Artists choose a reference photo that usually aids in providing direction where creativity is lacking. Reference photos are also helpful for an artist to develop composition and proportionality in their work. Many reference photos are found on websites such as Unsplash or Pixabay. To avoid copyright, either changing the reference in noticeable ways or finding copyright-free photos is key. Some artists prefer to combine multiple reference photos they have collected as a way to aid in adding a unique factor to their finished piece and also a way to avoid copyright.

== Usefulness ==
Although the technique of photo referencing has criticisms, it is a very vital technique used by digital artists when their personal visual memory is lacking. Many artists actually pull from multiple reference photos to create a finished work that wouldn't have been possible without the help of those points of reference.

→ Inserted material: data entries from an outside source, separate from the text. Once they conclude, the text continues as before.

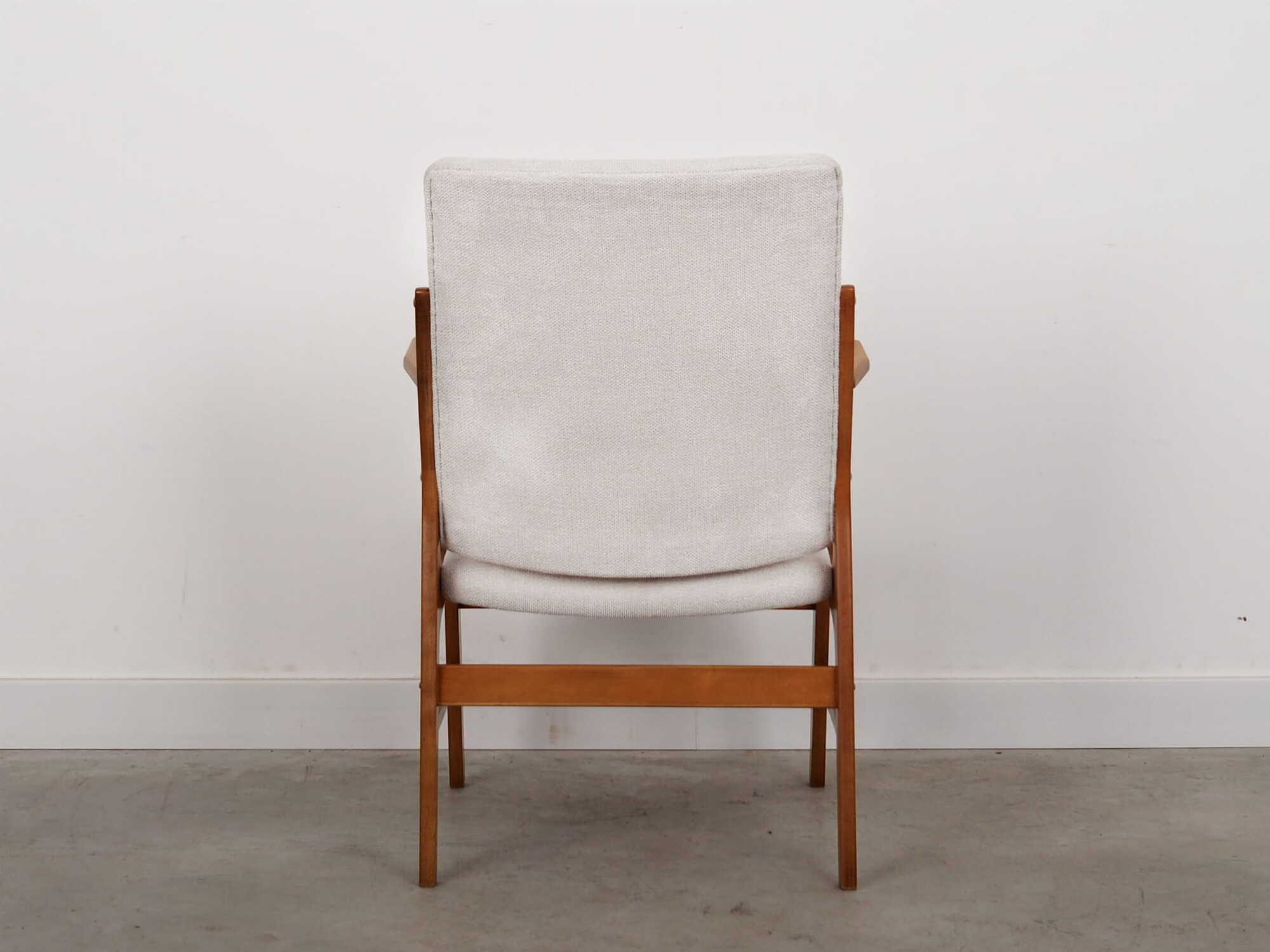 Vintage armchair beech wood textile white 1960s 4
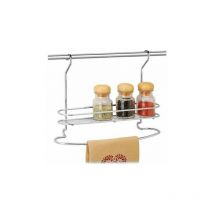 Mensola Portabarattoli e Portacanovaccio per Barra da Cucina Realizzata in Filo di Metallo Cromato - Artex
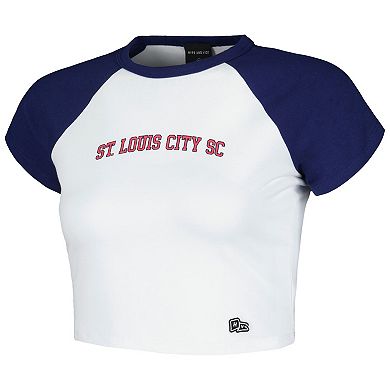 Women's Hype and Vice White St. Louis City SC Homerun Cropped Raglan T-Shirt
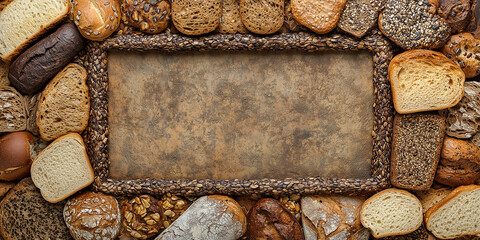 Fototapeta premium Draufsicht auf einen Rahmen mit Brot und mit Platz für Text in der Mitte - Werbeschild Flyer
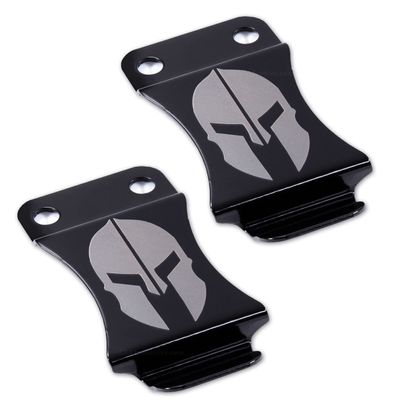 KYDEX Belt Clip for Holsters & Sheaths (Flush Mount Design - w/Spartan Helmet Engraving) - (Metal) - (Inside-The-Waistband/IWB) - (Fits 1.75in Belts) - (2 Pack)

Especially for digital artists, the act of color-picking is particularly helpful for accuracy purposes and is done by using a reference photo.

== Comic Book Industry ==
In the comic book industry, photo-referencing is criticized by some as a technique used to disguise the weakness of the artist's technical capability. Award-winning comic creator Alison Bechdel also uses extensive photo reference, frequently photographing herself in the poses of the characters she draws in order to convey body language accurately.

== Critiques ==
Many artists are criticized for using photo referencing in the creation of their artwork. However, many voices in the art community argue that photo-referencing is a legitimate technique. It is even useful when trying to simply improve skills Artists who have been accused of excessive photo-referencing by their critics include Greg Land and Alex Ross, though others defend the quality of their work.